We come to this final verse in the passage and find a curious statement here in the context of sin and judgment that seems totally unrelated: “Do not give dogs what is sacred; do not throw your pearls to pigs. If you do, they may trample them under their feet, and then turn and tear you to pieces.”

This ancient proverb has puzzled scholars through the ages.
1. Some interpret it as prohibiting taking the precious gospel message to Gentiles and pagans. But that violates the context, not only of this passage, but the very commission to take the gospel to every creature.
2. Others interpret it to mean that we should not expose the gospel to scoffers and mockers and the cynics who would only ridicule the gospel. And yet Jesus himself and each of his apostles did exactly that by preaching to hostile audiences who rejected the message.

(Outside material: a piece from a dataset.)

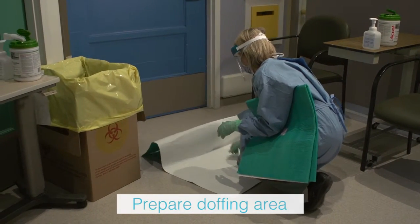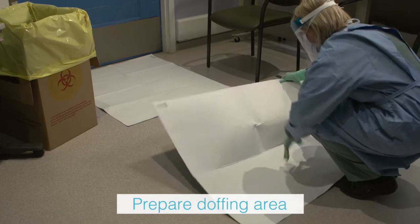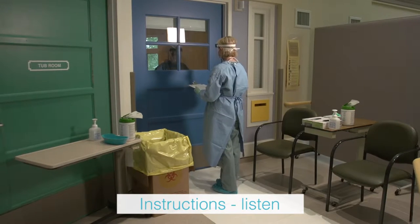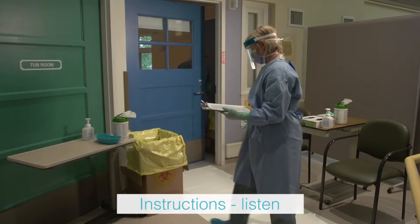The trained observer places two doffing mats on the floor of the anteroom and ensures that two chairs are available. The trained observer instructs the health care worker to avoid reflexive actions that may put them at risk, such as touching their face.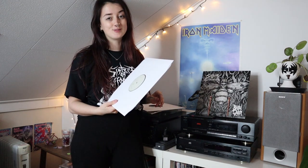I'm going to play the test pressing on vinyl for the first time ever. Super excited about this — here we go!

And there are numerous other interpretations, but each possible interpretation seems to fall short in at least one important aspect: they completely ignore the context. It is as though Jesus is speaking about judging others and our relationships with others, and then he suddenly takes off in an unrelated direction.

Let me offer this interpretation – I have no scholar or commentator to attribute it to – but it appeals to the context and gives continuity to what Jesus has already said. I believe what Jesus is saying is, “don’t take your brother or sister who is holy and precious in God’s sight, and expose their faults and sins before others.”

When we gossip and slander another person we are violating the relationship we have with them as a brother or sister in Christ. Sometimes we do it to build ourselves up. Sometimes we get caught up in a cycle of gossip. Each tidbit of information is thrown in as fuel for the fire. And those who are involved ravenously devour it and tear the victim apart without mercy.

The warning Jesus offers is this: after they have trampled your brother underfoot and torn him to pieces, why do you think you won’t be their next victim? If they will gossip with you, they will gossip about you. Paul’s words in Gal. 5:15 ring true – “If you keep on biting and devouring each other, watch out or you will be destroyed by each other.”

The exhortation of Jesus is to mercy and forgiveness – a willingness to look closely at our own life in humility before going to another to criticize or correct. Only when our heart is right can we begin to be the kind of instruments of healing through which God can extend his forgiveness and correction.